Since we got two 'nothers we get two quotes of note.
#1
Until earlier this year prisoners would arrive at Abu Ghraib with broken bones, suggesting they had been roughed up, he said, but the practice ended in January or February.
"We were constantly being attacked, we had terrible support ... also being extended all the time, a lot of us had problems with our loved ones suffering from depression," said MP Dave Bischell. "It all contributes to the psychological component of soldiers when they get stressed."Let's see if straight-up brutality gets the same attention as sexual humiliation.
If it's really this bad…and I believe it is…then all the statements about how the situation at Abu Ghraib is atypical will simply not be believed in the Middle East.
By Adam Tanner
ANTIOCH, California (Reuters) - Three U.S. military policemen who served at Baghdad's Abu Ghraib prison said on Thursday they had witnessed unreported cases of prisoner abuse and that the practice against Iraqis was commonplace.
"It is a common thing to abuse prisoners," said Sgt. Mike Sindar, 25, a National Guardsman with the 870th Military Police Company based in the San Francisco Bay area. "I saw beatings all the time.
"A lot of people had so much pent-up anger, so much aggression."

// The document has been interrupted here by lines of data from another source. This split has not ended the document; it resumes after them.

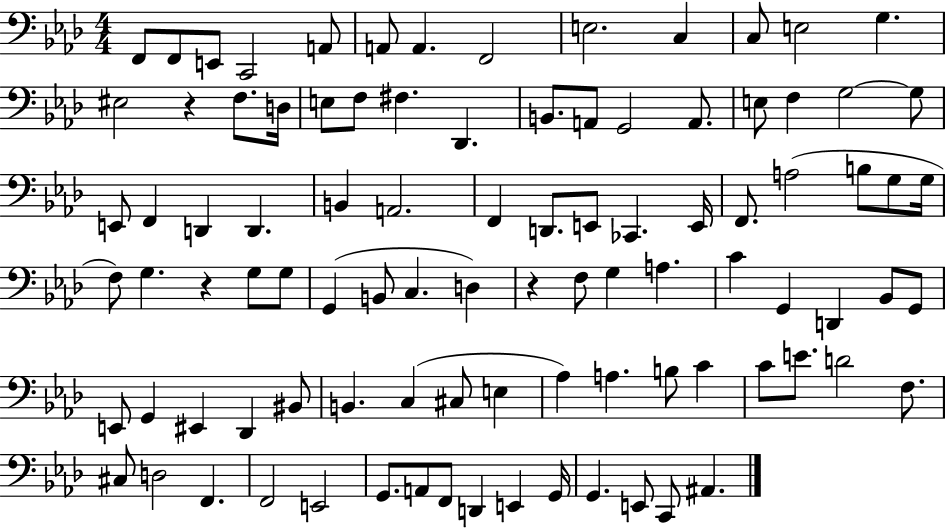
{
  \clef bass
  \numericTimeSignature
  \time 4/4
  \key aes \major
  f,8 f,8 e,8 c,2 a,8 | a,8 a,4. f,2 | e2. c4 | c8 e2 g4. | \break eis2 r4 f8. d16 | e8 f8 fis4. des,4. | b,8. a,8 g,2 a,8. | e8 f4 g2~~ g8 | \break e,8 f,4 d,4 d,4. | b,4 a,2. | f,4 d,8. e,8 ces,4. e,16 | f,8. a2( b8 g8 g16 | \break f8) g4. r4 g8 g8 | g,4( b,8 c4. d4) | r4 f8 g4 a4. | c'4 g,4 d,4 bes,8 g,8 | \break e,8 g,4 eis,4 des,4 bis,8 | b,4. c4( cis8 e4 | aes4) a4. b8 c'4 | c'8 e'8. d'2 f8. | \break cis8 d2 f,4. | f,2 e,2 | g,8. a,8 f,8 d,4 e,4 g,16 | g,4. e,8 c,8 ais,4. | \break \bar "|."
}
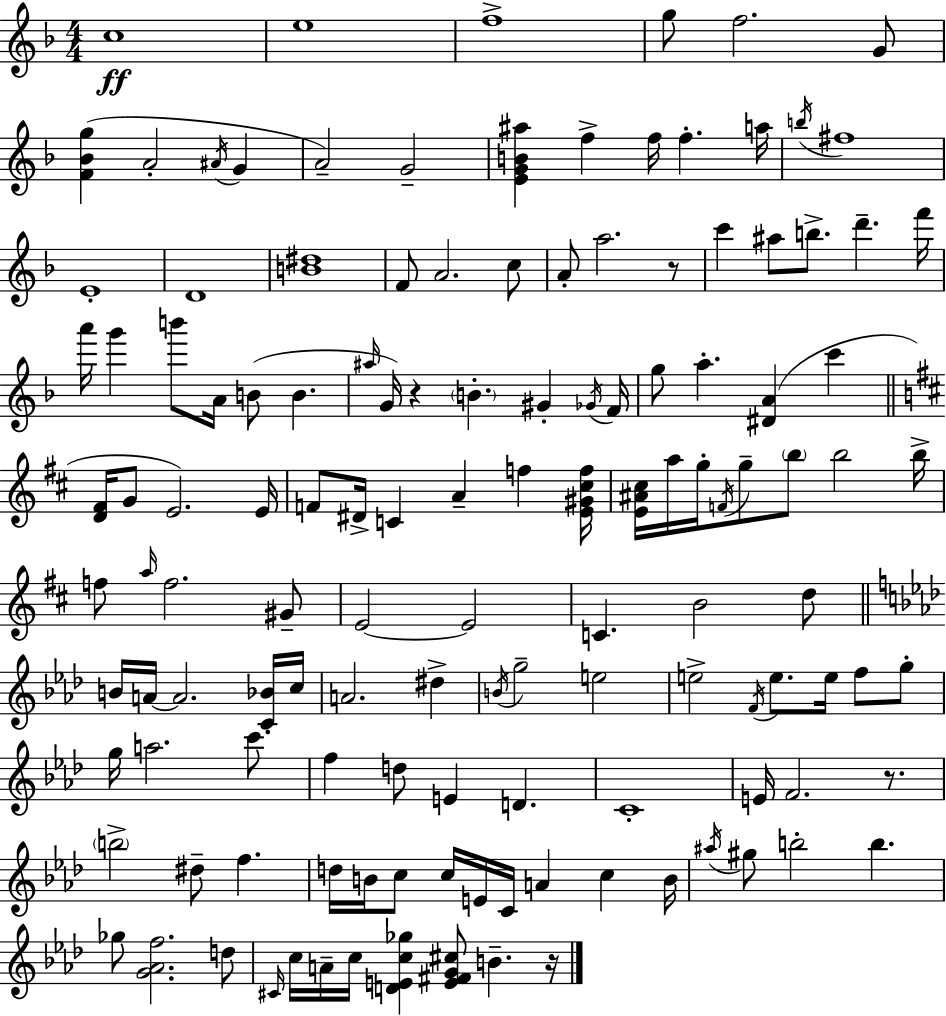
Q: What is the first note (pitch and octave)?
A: C5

U.S. treatment of Iraqi prisoners in Abu Ghraib has stirred wide international condemnation after the publication of photos in recent days showing Americans sexually humiliating prisoners. Six soldiers in Iraq have been charged in the case and President Bush apologized publicly on Thursday.
Although public attention has focused on the dehumanizing photos, some members of the 870th MP unit say the faces in those images were far from the only ones engaged in cruel behavior.
"It was not just these six people," Sindar, who shaves his head and wears a large tattoo on his forearm, told Reuters. "Yes, the beatings happen, yes, all the time."